Hans Fallada - Death and Legacy

Death and Legacy

At the time of Fallada's death in February 1947, he had recently completed Jeder stirbt für sich allein (Every Man Dies Alone), an anti-fascist novel based on the true story of a German couple, Otto and Elise Hampel, who were executed for producing and distributing anti-fascist material in Berlin during the war. According to Jenny Williams, he wrote the book in a "white heat"—a mere 24 days. He died just weeks before its publication. Fallada was buried in Pankow, a borough of Berlin, but was later moved to Carwitz where he had lived from 1933 till 1944.

After Fallada's death, because of possible neglect and continuing addiction on the part of his second wife and sole heir, many of his unpublished works were lost or sold.

Fallada remained a popular writer in Germany after his death. But, although Little Man, What Now? had been a great success in the United States and the UK, outside of Germany Fallada faded into obscurity for decades, until American publisher Melville House Publishing reissued several Fallada titles, beginning in 2009 with Little Man, What Now?, The Drinker, and Every Man Dies Alone. Melville House licensed its edition and translation of Every Man Dies Alone to Penguin Classics in the UK, which published his last book as Alone in Berlin. In 2010, Melville House released Wolf Among Wolves in its first unexpurgated English translation.

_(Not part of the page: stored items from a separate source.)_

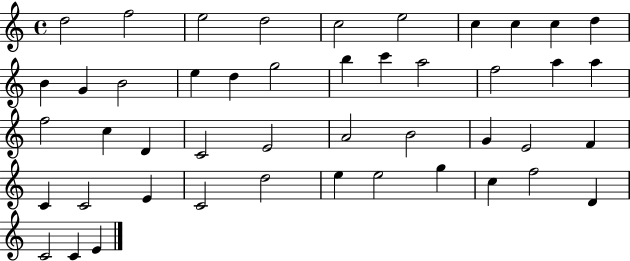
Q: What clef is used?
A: treble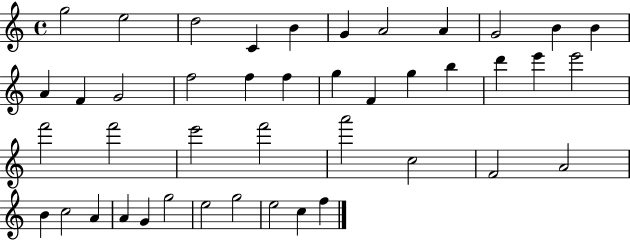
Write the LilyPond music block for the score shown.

{
  \clef treble
  \time 4/4
  \defaultTimeSignature
  \key c \major
  g''2 e''2 | d''2 c'4 b'4 | g'4 a'2 a'4 | g'2 b'4 b'4 | \break a'4 f'4 g'2 | f''2 f''4 f''4 | g''4 f'4 g''4 b''4 | d'''4 e'''4 e'''2 | \break f'''2 f'''2 | e'''2 f'''2 | a'''2 c''2 | f'2 a'2 | \break b'4 c''2 a'4 | a'4 g'4 g''2 | e''2 g''2 | e''2 c''4 f''4 | \break \bar "|."
}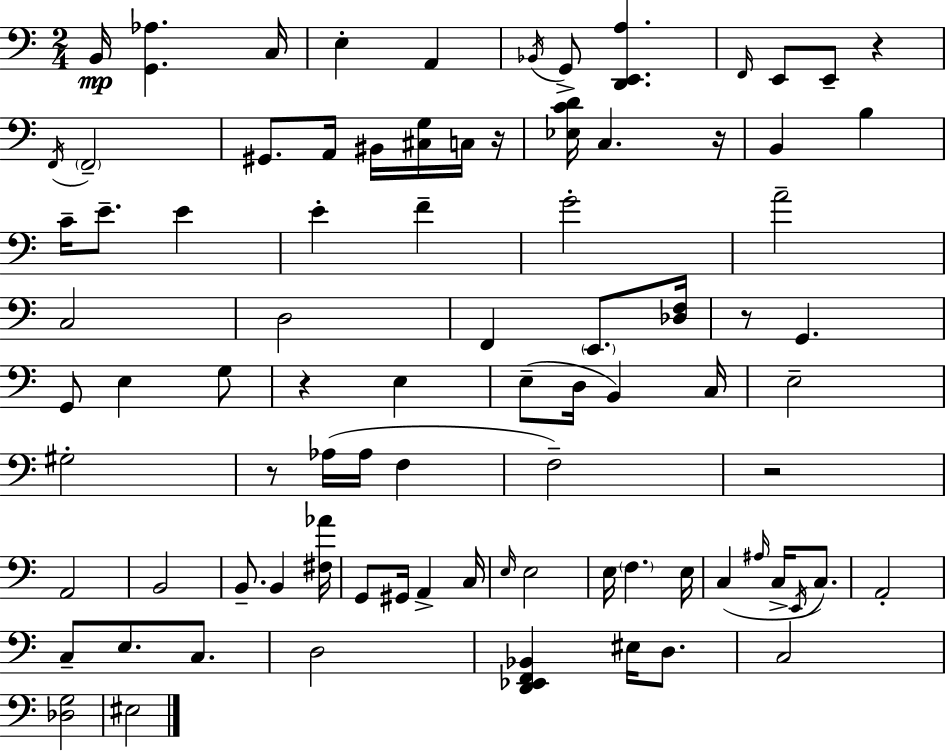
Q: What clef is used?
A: bass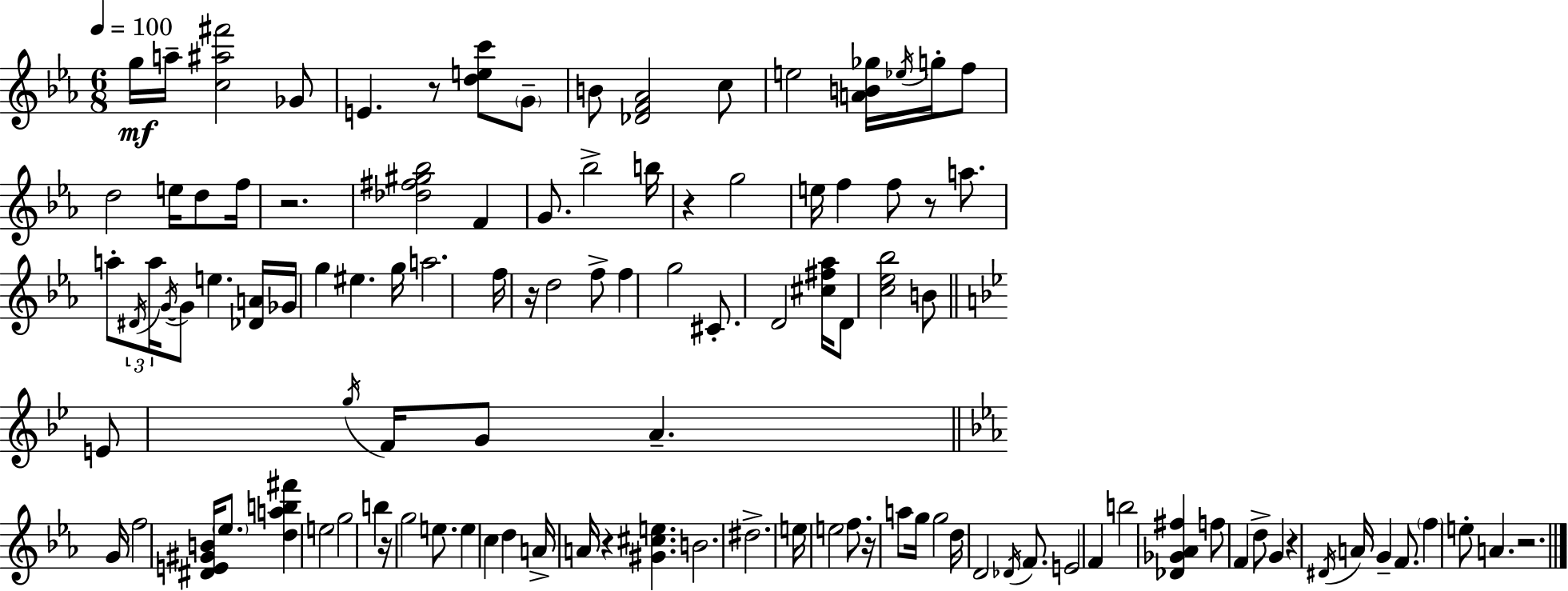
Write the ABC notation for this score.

X:1
T:Untitled
M:6/8
L:1/4
K:Cm
g/4 a/4 [c^a^f']2 _G/2 E z/2 [dec']/2 G/2 B/2 [_DF_A]2 c/2 e2 [AB_g]/4 _e/4 g/4 f/2 d2 e/4 d/2 f/4 z2 [_d^f^g_b]2 F G/2 _b2 b/4 z g2 e/4 f f/2 z/2 a/2 a/2 ^D/4 a/4 G/4 G/2 e [_DA]/4 _G/4 g ^e g/4 a2 f/4 z/4 d2 f/2 f g2 ^C/2 D2 [^c^f_a]/4 D/2 [c_e_b]2 B/2 E/2 g/4 F/4 G/2 A G/4 f2 [^DE^GB]/4 _e/2 [dab^f'] e2 g2 b z/4 g2 e/2 e c d A/4 A/4 z [^G^ce] B2 ^d2 e/4 e2 f/2 z/4 a/2 g/4 g2 d/4 D2 _D/4 F/2 E2 F b2 [_D_G_A^f] f/2 F d/2 G z ^D/4 A/4 G F/2 f e/2 A z2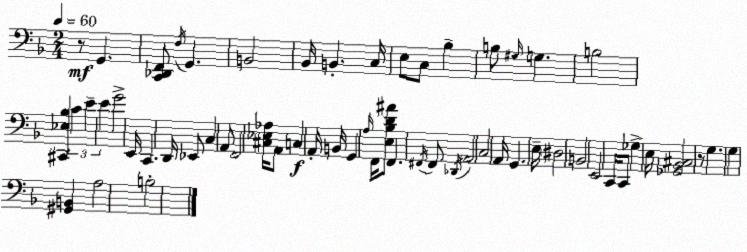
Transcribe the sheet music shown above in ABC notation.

X:1
T:Untitled
M:2/4
L:1/4
K:Dm
z/2 G,, [C,,_D,,F,,]/2 F,/4 G,, B,,2 _B,,/4 B,, C,/4 E,/2 C,/2 _B, B,/2 ^G,/4 G, B,2 [^C,,_E,_B,] C E E G2 E,,/4 C,, D,,/4 _E,,/2 C, A,,/2 F,,2 [^C,_E,_A,]/4 A,,/2 C, A,,/4 B,,/4 G,, A,/4 F,,/4 [E,_B,D^A]/2 F,, ^F,,/4 ^F,,/2 _D,,/4 A,,2 C,2 A,,/4 G,, E,/4 ^D,2 B,,2 E,,2 C,,/4 C,,/2 _G, E,/4 [_G,,_B,,^C,]2 z/2 G, G, [^G,,B,,] A,2 B,2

Other German writers who had quit the country when Hitler rose to power felt disgust for those such as Fallada who had remained, compromising their work under the Nazi regime. Most notable of these critics was Fallada's contemporary Thomas Mann, who had fled Nazi repression early on and lived abroad. He expressed harsh condemnation for writers like Fallada, who though opponents of Nazism made concessions which compromised their work. “It may be superstitious belief, but in my eyes, any books which could be printed at all in Germany between 1933 and 1945 are worse than worthless and not objects one wishes to touch. A stench of blood and shame attaches to them. They should all be pulped.”

The Hans Fallada Prize, a literary prize awarded by the city of Neumünster, was named after the author.